Credit: Tabaco community

On 9 August 2001, the residents of the village of Tabaco in La Guajira, Colombia, were violently evicted from their land and their village was destroyed to make way for the expansion of the Cerrejon opencast coal mine. Cerrejon was then part-owned, and between 2002 and January 2022 was completely owned, by multinational mining companies Anglo American, BHP and Glencore. All three companies are listed on the London Stock Exchange.

In January 2022, Anglo American and BHP sold their shares in the Cerrejon mine to Glencore as part of their move out of coal. Many ethical investors and others concerned about climate change may feel tempted to applaud them for this. Glencore, now the 100% owner of the mine, says it will responsibly wind down operations ready for the end of the mining licence in 2034.

The call from the community is for solidarity in demanding their rights and for support in their struggle to find justice.

 “Today, 9 August 2001, turns 21: 21 years since the Afro-descendant Community of Tabaco was displaced by the Cerrejon Coal Company and by the Colombian State, so that their collective territory could be used for coal exploitation. This risks the disappearance of the social, cultural, spiritual and other fabric of the community. Despite judicial decisions which have been favourable to the Tabaco community, such as Colombian Constitutional Court Sentence T-329 of 2017, the Cerrejon Coal Company and the Colombian State have still not resettled or compensated the community of Tabaco. This abandonment by the Colombian State and the Cerrejon Coal Company is a violation of our human rights”. 

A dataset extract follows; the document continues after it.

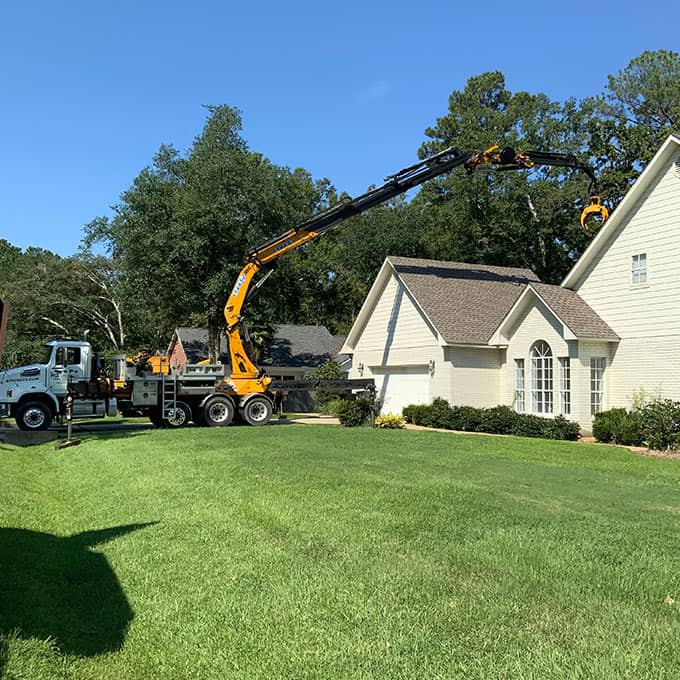RPR Tree Service LLC Arborist Services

Statement from the Tabaco community. 

Community members state that they were never consulted. The company has always claimed that the people no longer lived in the town, but in neighbouring towns such as Albania, Hato Nuevo and Maicao. Since then the company had isolated them in many ways, buying the surrounding farms and fencing them off; and closing the public roads, including the main road that connected them with Albania, their most important trading centre, where the company built an artificial lagoon. The community was soon surrounded by private security guards, and fear grew among the people. The guards imposed restrictions that prevented traditional night hunting and entry to their farms. By order of the municipality, the water and electricity were cut off, teachers’ jobs were withdrawn, the health centre was dismantled, the Telecom office was closed, and even the Catholic Church unilaterally destroyed part of the village church which had been built with the community’s own resources (1).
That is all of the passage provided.